To overcome these challenges, organisations need to empower IT teams with a new approach to infrastructure monitoring, harnessing AIOps (artificial intelligence for IT operations) to automate as many manual tasks as possible. This eliminates blind spots by continuously discovering and instrumenting multi-cloud infrastructure as the environment changes. As a result, teams can maintain end-to-end observability without needing to invest time and effort in manual monitoring processes.

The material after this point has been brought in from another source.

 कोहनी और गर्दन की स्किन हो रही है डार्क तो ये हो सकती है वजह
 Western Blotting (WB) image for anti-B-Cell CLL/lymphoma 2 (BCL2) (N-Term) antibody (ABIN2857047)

AIOps also helps automatically triage alerts and query observability data to surface the precise insights that teams need to deliver seamless digital experiences to users and customers. With this approach, AIOps can enable teams to understand the cause of any issues across a multi-cloud infrastructure, and prioritise issues by business impact. This means teams can solve the most critical issues first and then focus their effort on tasks that accelerate an organisation’s digital transformation. However, this is only possible if teams can consolidate observability data in one place. A consolidated view creates a single source of truth that provides the full context needed to drive effective automation.

More time for innovation

As organisations continue their transition to multi-cloud environments, ensuring that infrastructure is running smoothly is becoming more critical to creating seamless digital services and driving customer satisfaction. Implementing infrastructure monitoring strategies that centre on AI and automation reduces the burden of manual tasks on ITOps teams. In turn, teams can focus on accelerating transformation and driving better outcomes for the business.